Both piroplasmosis and equine infectious anaemia have been seen in the UK in recent years and should definitely be included in differential diagnosis considerations of anaemia. Extravascular haemolysis may occur as subacute to chronic/recurrent anaemia following immunoglobulin G opsonisation of red cells, which are then phagocytosed by screening macrophages in the reticuloendothelial system, most notably in the spleen. Non-regenerative anaemias are often associated with a primary disease process involving chronic inflammation or neoplasia (“anaemia of chronic disease”). This probably arises as a result of iron sequestration as part of a chronic inflammatory response, and also from the general catabolic effects of chronic inflammation.

Alternatively, toxic, drug-induced or viral processes may be associated with suppression of bone marrow cellular activity, although this aetiology often remains speculative.

Specific dyspoiesis of erythrocyte lines may occur, or more widespread suppression of white cell and/or platelet precursors. Occasionally, myelophthisic disease is seen where bone marrow haematopoietic precursor cells are normal, but occupation of bone marrow by non-haematopoietic tissue limits their numbers and productivity (for example, leukaemia). There are many aspects to investigation of anaemia, the detail of which is beyond the scope of this article, but should include basic clinical examination, endoscopy, ultrasonography, peritoneal tap and urinalysis.
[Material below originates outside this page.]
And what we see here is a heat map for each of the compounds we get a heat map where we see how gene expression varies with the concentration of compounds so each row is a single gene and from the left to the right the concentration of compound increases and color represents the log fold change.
Bone marrow examination is a very important, but underused, technique in equine practice. Bone marrow sampling is relatively straightforward in horses and adds significantly useful information to the investigation of cases of anaemia and also horses showing other persistent abnormalities of leukogram or platelets.
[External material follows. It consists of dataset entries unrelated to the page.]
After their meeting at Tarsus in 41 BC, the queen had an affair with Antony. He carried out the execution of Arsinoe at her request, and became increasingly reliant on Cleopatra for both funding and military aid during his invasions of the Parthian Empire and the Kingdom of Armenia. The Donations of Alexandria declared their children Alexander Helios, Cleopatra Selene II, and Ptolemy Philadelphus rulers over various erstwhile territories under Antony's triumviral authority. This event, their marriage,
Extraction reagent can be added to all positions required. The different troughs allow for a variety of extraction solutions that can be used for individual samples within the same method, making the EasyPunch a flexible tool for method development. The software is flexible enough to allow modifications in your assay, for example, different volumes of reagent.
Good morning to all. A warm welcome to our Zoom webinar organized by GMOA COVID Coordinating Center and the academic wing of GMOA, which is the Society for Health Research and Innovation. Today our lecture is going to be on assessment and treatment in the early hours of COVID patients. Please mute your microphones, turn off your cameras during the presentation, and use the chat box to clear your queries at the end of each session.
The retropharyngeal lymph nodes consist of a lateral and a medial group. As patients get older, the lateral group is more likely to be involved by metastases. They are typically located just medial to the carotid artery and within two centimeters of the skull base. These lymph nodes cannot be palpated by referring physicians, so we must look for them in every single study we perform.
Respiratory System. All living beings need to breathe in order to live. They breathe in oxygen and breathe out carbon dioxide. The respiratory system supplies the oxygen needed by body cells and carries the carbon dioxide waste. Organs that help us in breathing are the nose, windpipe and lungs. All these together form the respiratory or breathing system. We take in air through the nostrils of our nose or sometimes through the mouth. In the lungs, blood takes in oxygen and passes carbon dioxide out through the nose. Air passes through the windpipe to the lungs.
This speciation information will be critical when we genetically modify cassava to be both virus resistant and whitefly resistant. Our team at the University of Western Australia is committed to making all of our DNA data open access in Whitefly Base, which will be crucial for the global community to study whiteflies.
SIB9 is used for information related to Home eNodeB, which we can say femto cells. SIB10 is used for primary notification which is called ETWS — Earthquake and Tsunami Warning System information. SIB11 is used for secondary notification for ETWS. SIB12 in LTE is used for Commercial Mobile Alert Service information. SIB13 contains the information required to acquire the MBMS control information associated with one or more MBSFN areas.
Two techniques are possible: aspiration and core biopsy. The preferred site for both techniques in adult horses is the midline sternum level, with the points of the elbows in a horse standing square. In foals, the tuber coxa can be used. Bone marrow aspiration is performed following sedation and sterile preparation.
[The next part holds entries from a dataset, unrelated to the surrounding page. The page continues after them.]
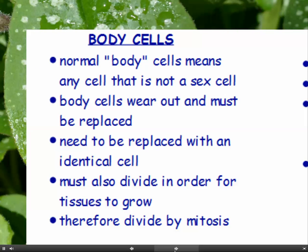We're going to be talking about normal body cells as opposed to sex cells. Sex cells are the gametes — these are the eggs and sperm, produced by the reproductive organs. Normal body cells means anything else. Body cells wear out and have to be replaced with an identical cell. You can't replace a skin cell with a muscle cell, for example. They also have to divide for tissues to grow, and they divide by mitosis.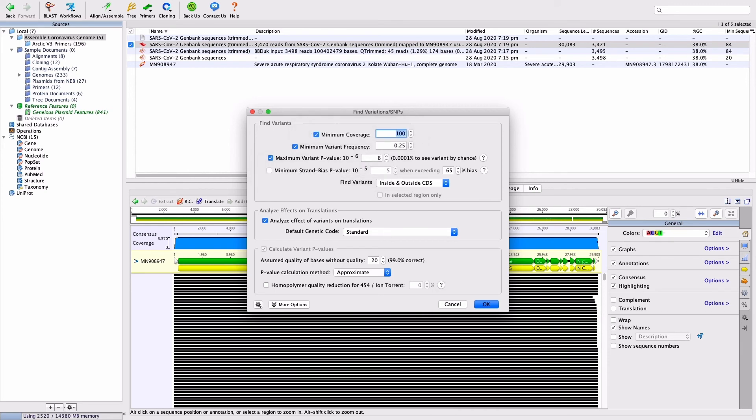If the Strand Bias setting is left on, some variants may be missed, as the tiled amplicon approach can result in portions of the genome being covered by only forward or only reverse reads.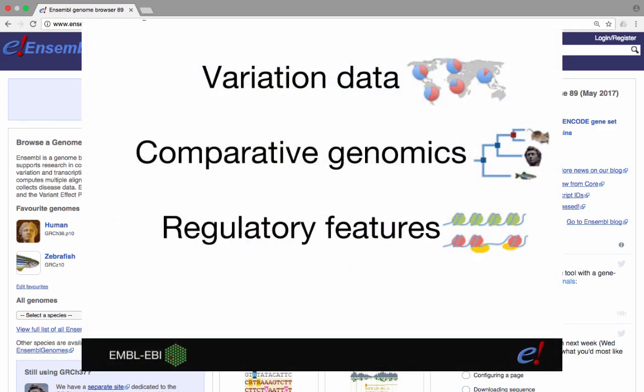Then, in addition to the gene annotation, a variety of other data types are further annotated onto the genome where available, including variation data, comparative genomics analyses, and the annotation of regulatory features.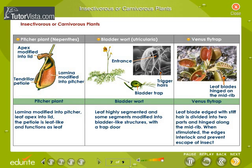Insectivorous or carnivorous plants. These plants grow in nitrogen-deficient areas to fulfill the requirement of protein. They trap and digest insects to derive protein from them. A few examples of such carnivorous plants are given here in the form of a table.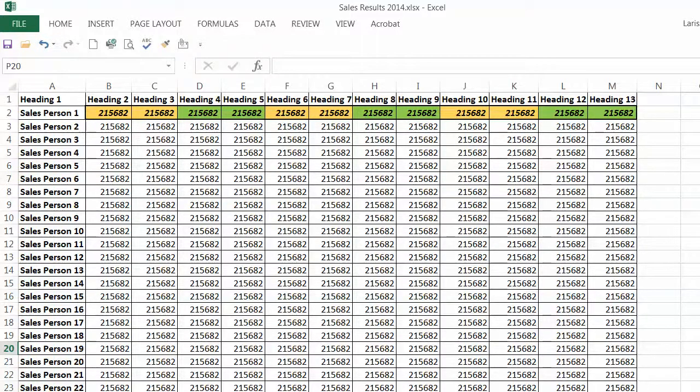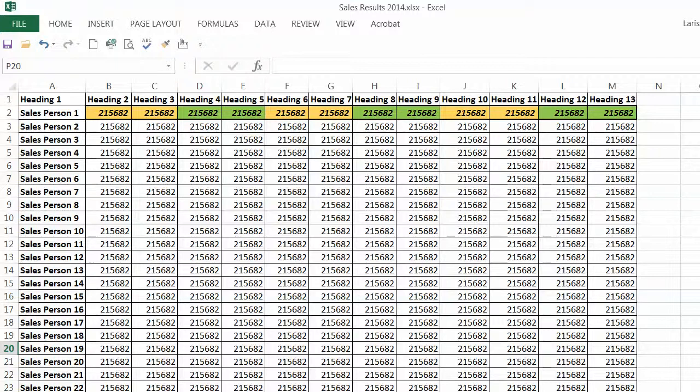In this video I'm going to show you how you can apply a formatting that you created for a group of cells to a number of other groups of cells.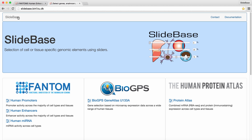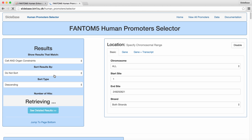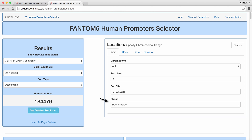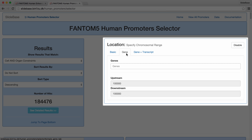From the main Slidebase homepage, we can navigate to the human promoter selector. On the promoter homepage, we click on the human promoter selector. As we can observe, the promoter search page is almost identical to the enhancer one. The only difference is that we can input the strand of the promoters we are interested in, whereas for enhancers we don't have strandedness. In the promoter case, we will search for promoter locations close to known genes.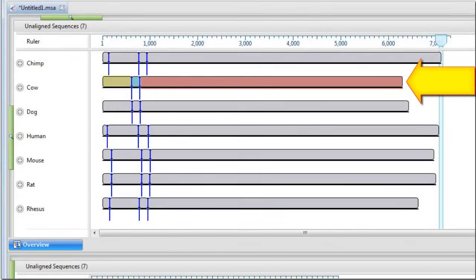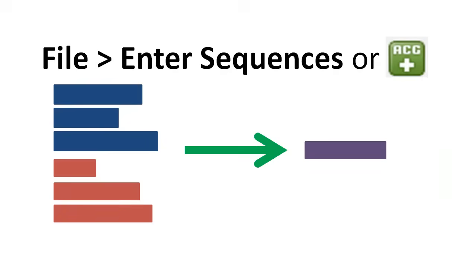Suppose we want to string together the consensus sequences from all of the contigs in an assembly, or chromosomes in a genome, or exons in a gene.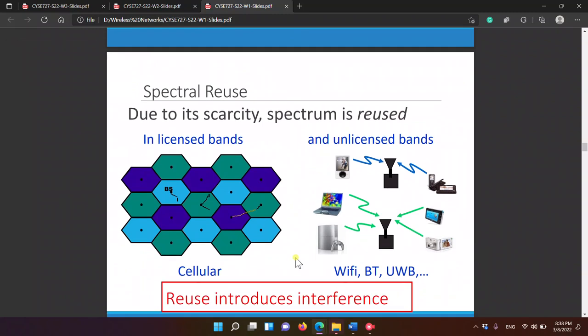Because of the limited spectrum, my phone now has more than one base station in the cellular system that it can connect to. So the question is: how do I know which one to connect to? The idea is that they divide the space into cells, and they reuse the same frequency — frequency management — so they reuse the same frequency. This way we can have multiple users on the same frequency.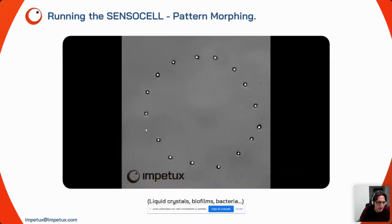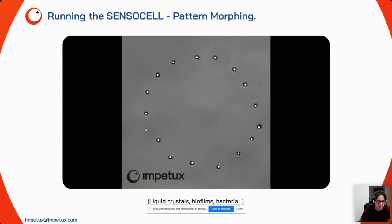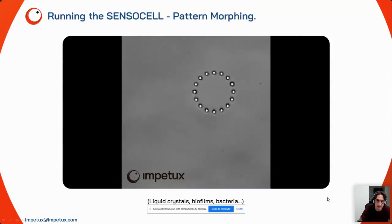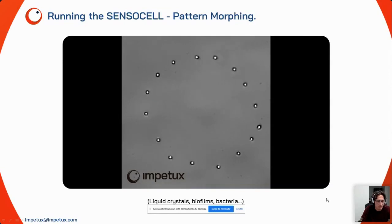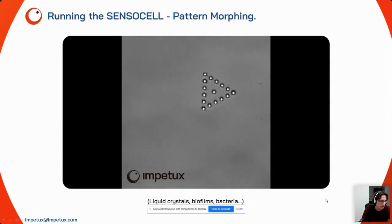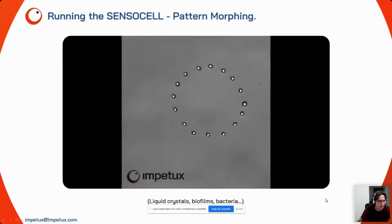To show the complexity and flexibility of the system in terms of manipulation, here is the pattern morphing built-in routine. We have 16 trapped microspheres with space and time coordinates entered for different patterns, and the system moves from one pattern to another. This might seem like a fancy feature, but it was requested by clients working in liquid crystal physics, biofilms, and bacteria motility — so we built this routine for them.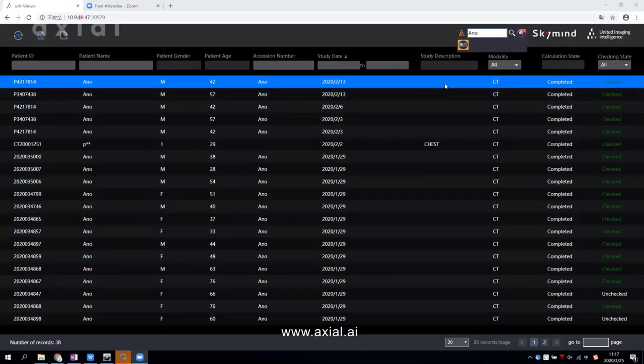Today, I am going to show you how to use Axial AI to identify and analyze COVID-19 patients.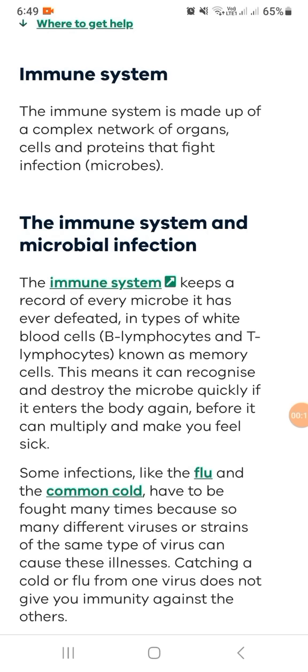Our topic is about what is the immune system. The immune system is made up of a complex network of organs, cells, and proteins that fight infection and microbes. The immune system keeps a record of every microbe it has ever defeated in a type of white blood cells known as memory cells. This means it can recognize and destroy the microbe quickly if it enters the body again.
A 9cm, 18G spinal needle can be slowly “drilled” into the sternum and then the stylet removed and a 5ml syringe attached containing a bead of ethylenediamine tetra-acetic acid (EDTA) solution in the hub (from adding sterile water to an EDTA vacutainer). Very short and gentle vacuum is then applied to the syringe in an attempt to obtain a single drop of bone marrow in the hub of the syringe.

If the sample flows spontaneously or very easily then it is likely significant blood contamination will have occurred and the sample will be of poor diagnostic quality. The best sample is one the operator feels he or she has worked quite hard for – after perhaps three or four gentle suctions. Air-dried smears of this are then prepared and submitted for evaluation. Very occasionally, no sample is obtained, despite several attempts, in which case, again, another site is chosen as the needle may well be sitting in an intersternebral space rather than in a sternebra itself.

Bone marrow core biopsy is performed at the same site as above. After sterile preparation, 5ml of local anaesthetic is infiltrated subcutaneously and in the tissues to the depth of the midline sternum. A small stab incision is made with a number 15 scalpel blade.

An 8G Jamshidi biopsy needle is then inserted and drilled into the bone (Figure 3). This collects a small core of bone marrow, which is preserved in formalin for a better evaluation of cells within bone marrow.

Some operators like to check for sternebral deposits using ultrasound, although this author has never found the need for this and simply ensures midline penetration of the sternum at the level of the points of the elbows with invariable entry into bone marrow deposits.

Anaemia is probably suspected more often than genuinely seen in horses, but, nevertheless, lends itself well to a logical and systematic investigative approach as outlined. In the climate of vigilance versus exotic diseases, the UK practitioner should not forget piroplasmosis and equine infectious anaemia when investigating such cases.